Vielen Banken nicht besonders gefallen dürfte, was der IWF aus seinen doch eher düsteren Szenarien ableitet. Er mahnt, dass «eine genügend hohe Ausstattung mit Eigenkapital und Liquidität des Bankensektors der Anker der Finanzstabilität bleibt». Die von vielen Ländern verschobene und verwässerte Umsetzung der Vorschriften der Basel-III-Regularien sei unbedingt schnell und vollständig zu realisieren und durch eine unabhängige, intensive Aufsicht zu ergänzen. Ob zuerst eine der befürchteten Krisen eintreffen muss, bevor diese Warnung in den Hauptstädten erhört wird?
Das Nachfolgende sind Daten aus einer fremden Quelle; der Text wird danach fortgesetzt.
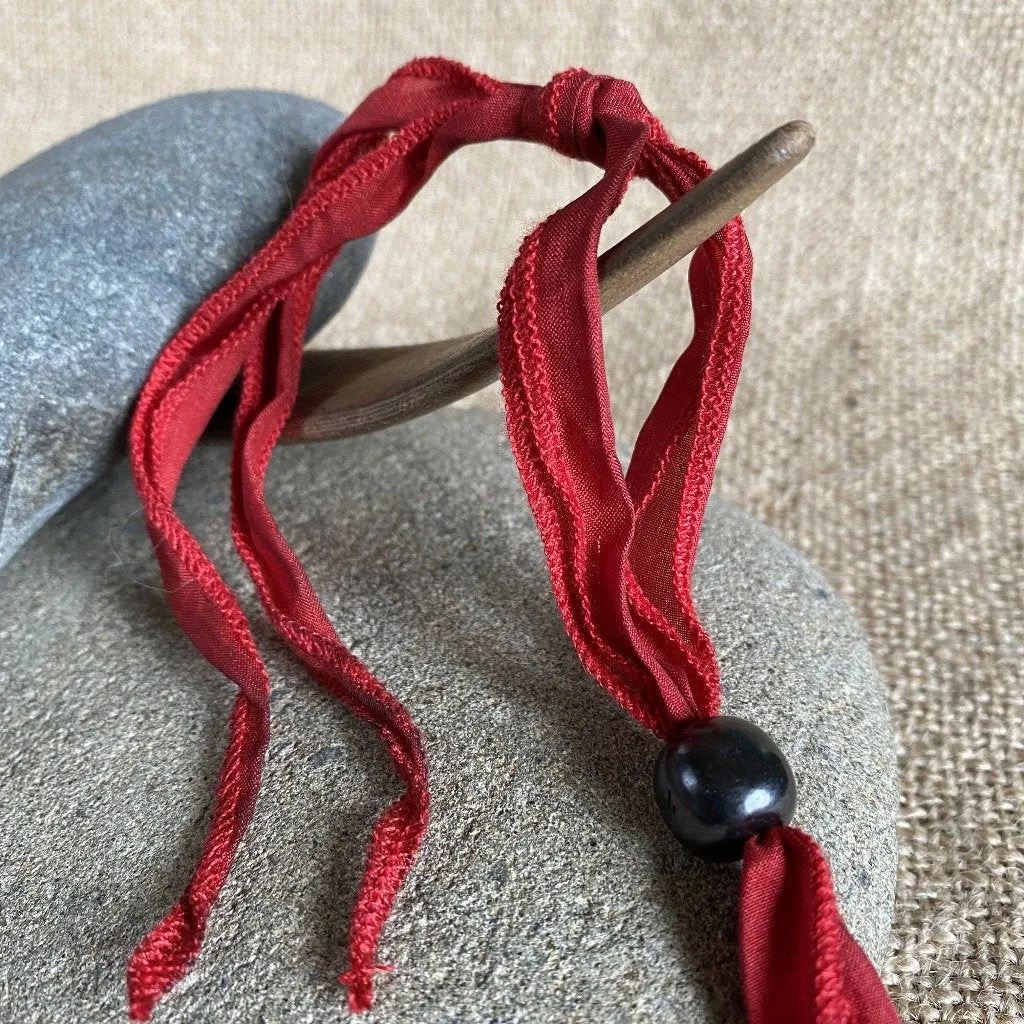 Hangable Shungite Donut Accessory on Hand-Dyed Red Silk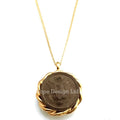 Gold-tone pendant necklace featuring an authentic vintage WWII United States Army soldier uniform button, attached to a gold-tone chain.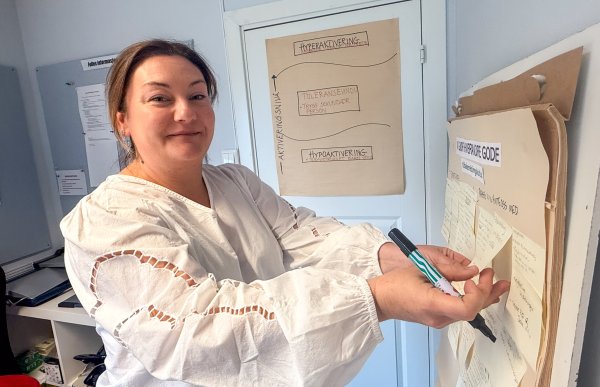 Kvinne i hvit bluse står innendørs og skriver med tusj på et stort ark som henger på veggen. Flere ark med håndskrevne notater henger rundt henne.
Die nationalen Behörden fordert der IWF dazu auf, sich besser vorzubereiten, um die erhöhten Finanzstabilitätsrisiken im Krisenfall bewältigen zu können. Banken müssten Vorkehrungen treffen, um bei den Zentralbanken rasch Liquidität aufnehmen zu können. Zudem sollten Zentralbanken auch grosse Schattenbanken im Notfall gegen Sicherheiten mit zusätzlicher Liquidität versorgen können. Um Risiken besser einschätzen zu können, müssten diesen Nichtbanken aber ebenfalls Transparenz- und Berichtspflichten auferlegt werden.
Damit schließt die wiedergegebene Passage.